この人間狩りは、戊辰戦争の中で人を狩り、殺すことに味をしめた元武家、今は大商人である蔵屋善兵衛が、配下を使って人間を拐かし、狩人倶楽部なる団体に人を集めて、密かに行っていたというもの。密かにといっても、そこら辺で攫ってくるのですぐに騒ぎになるし、殺された人間から剥ぎ取った血染めの服を、雑に古着屋に卸しているのですから、見つからない方が不思議であります。
(ちなみにこの善兵衛、絵に描いたような変態なのですが、料亭で吸い物の味が薄いと、自分の指を切って出した血で味付けするシーンは頭がおかしくて良かったです)
木戸孝允でなくとも呆れそうな犯行ですが、その木戸も圧力をかけられ(狩人倶楽部の参加者に長州出身者が何人も含まれていたとはいえ)、警察の捜査を中止してしまうのは、まあいくらでも後ろ暗いところのありそうな桂小五郎だし――というのは冗談としても、病院に担ぎ込まれた古着屋を堂々と襲って殺した上、巡査にまで深手を負わせるほどの無茶をするとは、何とも大味な展開に天を仰ぎたくなります。
(一応、江藤新平の乱の対応に大久保利通が忙殺されて、こちらにまで目が向けられなかった、という史実を踏まえたエクスキューズはあるのですが……)
こういう時に腹芸でごまかしてなんとかするのが川路のキャラかと思いきや意外と役に立たず、大久保にチクって木戸を抑えるというあまりパッとしないやり方で対応するのも残念なところではありました(もっともラストでは――こちらは後述します)。そんな中、静馬は「ならんものはならん!」と会津魂全開ではみ出し警官ぶりを発揮しますが、基本的に能力値が常人レベルなので善兵衛に鉄拳制裁したくらいしか見せ場がないのが何とも……

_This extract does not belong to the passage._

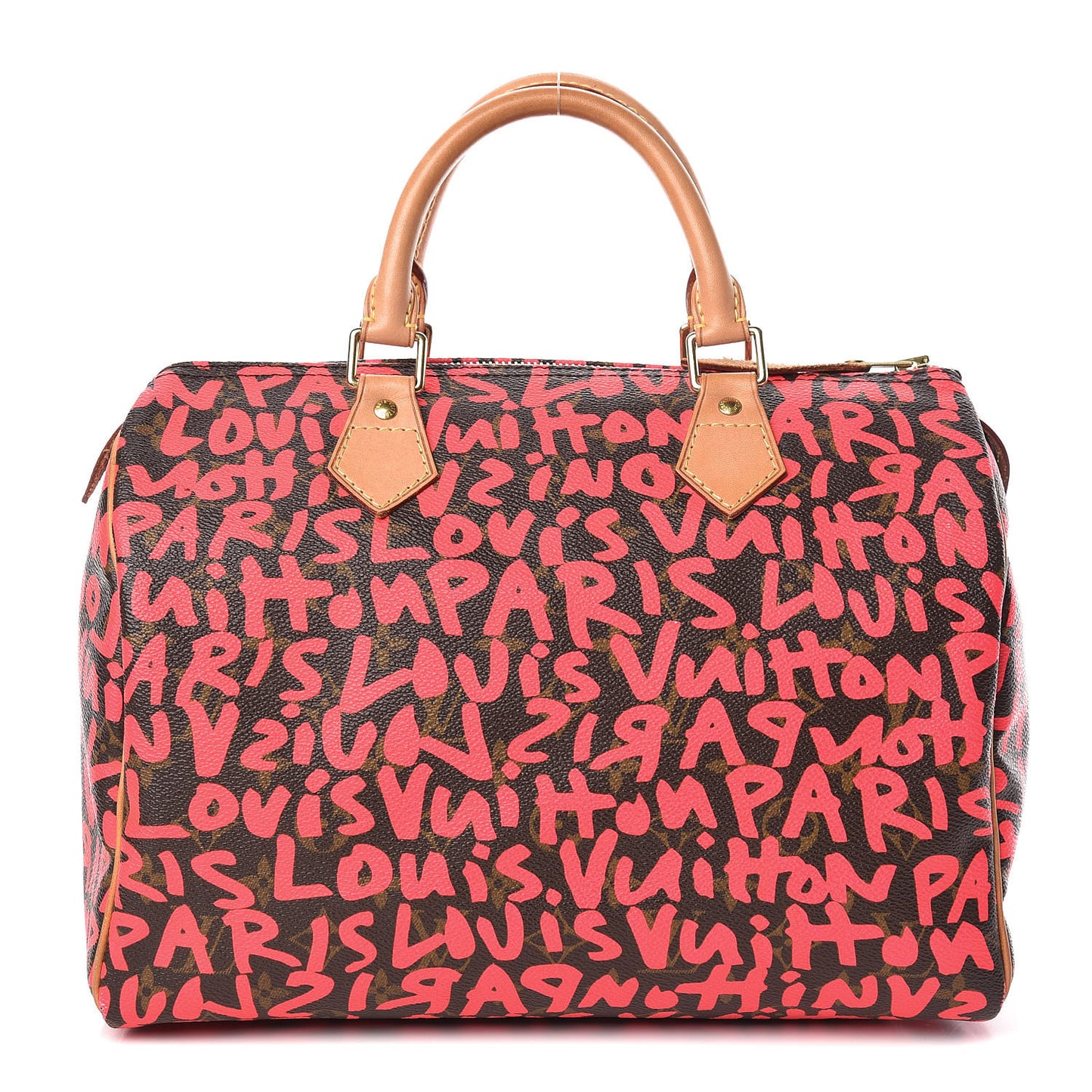 Monogram Graffiti Speedy 30 Fuchsia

しかしその中で、思わぬドラマが描かれたのが、謎の御前の下で暗躍する謎の芸者・雛鶴であります。これまで大久保利通襲撃や江藤新平の下野等で暗躍してきた彼女は、実は善兵衛に深い恨みを持つ者だった――というわけで、ある意味私怨ながら、今回ばかりは悪を討つ立場にあったといえます(尤も、これまでの行動も彼女なりに悪を討っていたのだと思いますが)。
そしてその彼女を姉のように慕う小梅は、雛鶴を助けようとするあまり、単身善兵衛を襲撃して失敗、人間狩りの標的に――というところで静馬と接点が出来たわけですが、彼が探す澄江と同じ折り方のウサギを折ることが出来ることから、この先静馬のドラマにも関わるのでしょう(というか、しばらく彼女が澄江なのだと思っていました……)。

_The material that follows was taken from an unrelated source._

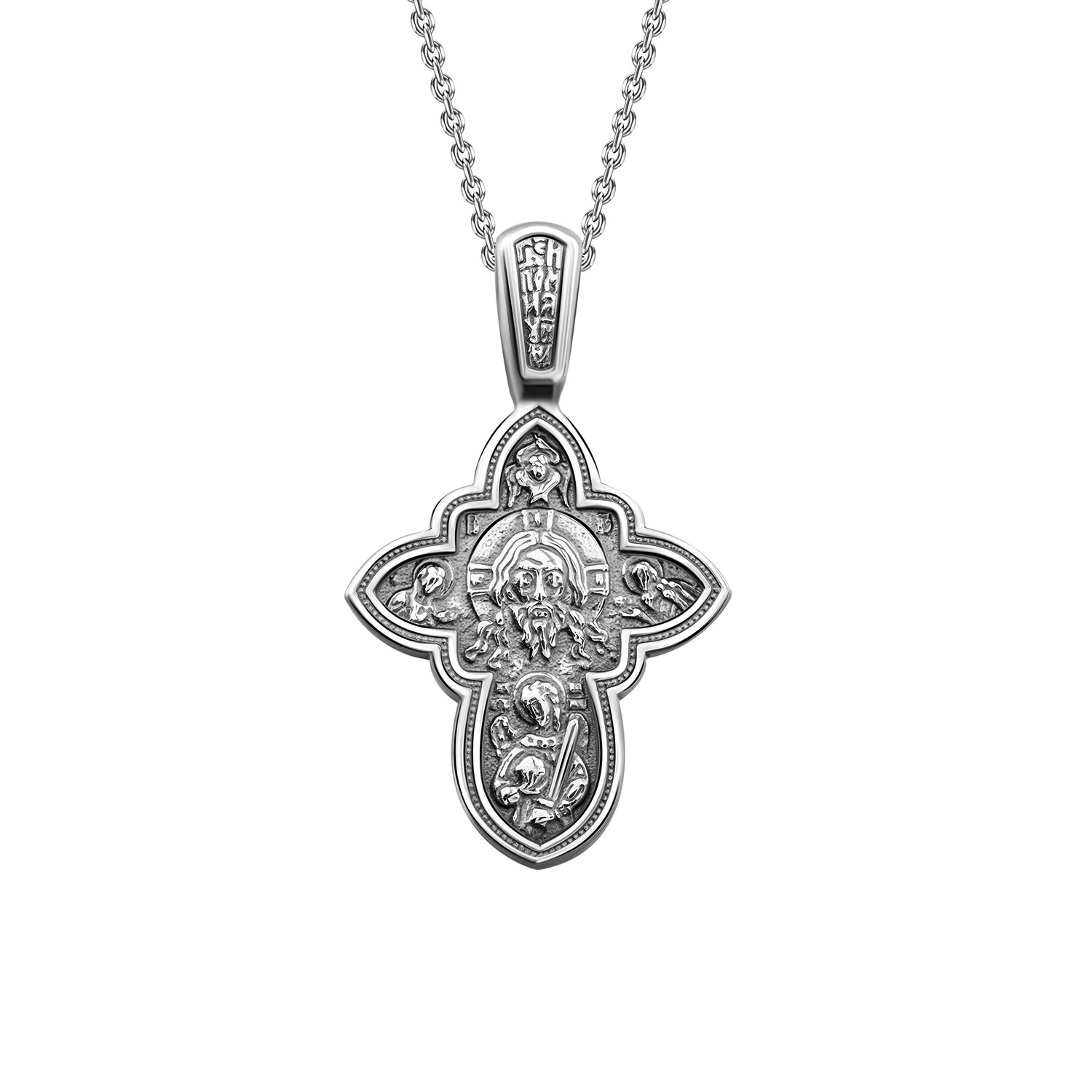 Серебряный крест с чернением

また、ラストになって一人逃げ延びようとした蔵屋の番頭格をいきなり悪即何とかした新キャラが――と思えば、これが藤田五郎。「明治で警察が出てきたら藤田、そうでなければ川路と思え」という格言があるくらいですが(ありません)、やはり本作にも登場しました。ここでは川路の密命を受けて悪即何とかしているようですが、川路が表で動かなかったのも彼の存在があったからでしょうか。

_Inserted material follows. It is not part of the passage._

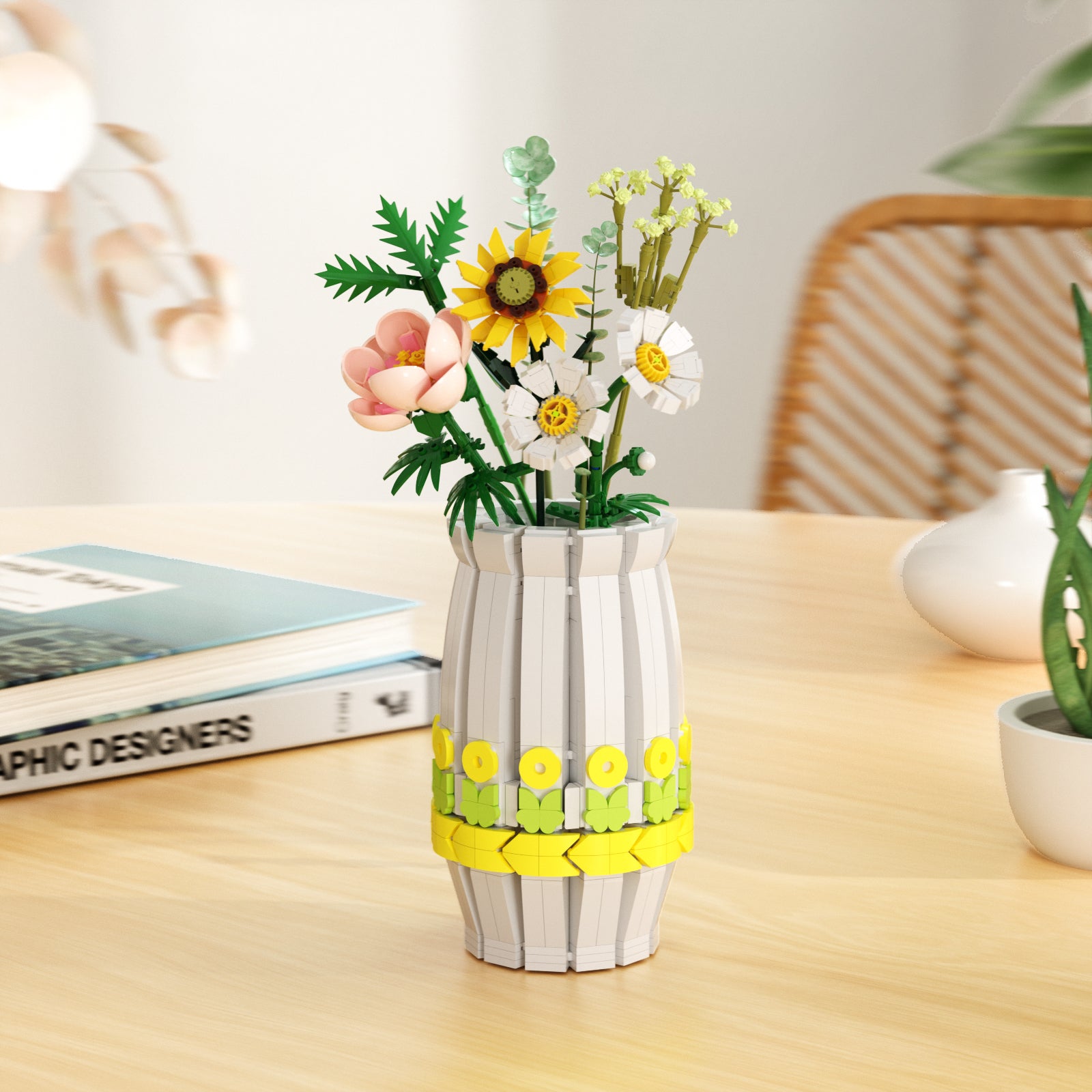 460 Pcs Vase for Lego Flower Bouquet 10280 Vase Home Decoration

そしてもう一人、何となく物語の中で、元庄内藩士・池上宗一郎が正体らしいと語られた狂死郎。今回も守谷組長のために地味な仕事を派手にやり遂げていましたが、東北諸藩最強の軍事力を持ち、ほとんど最後まで新政府軍と互角に戦い抜いた(ある意味会津藩とは好一対である)庄内藩と絡んでいるとすれば、やはりこの先面白い存在になりそうです。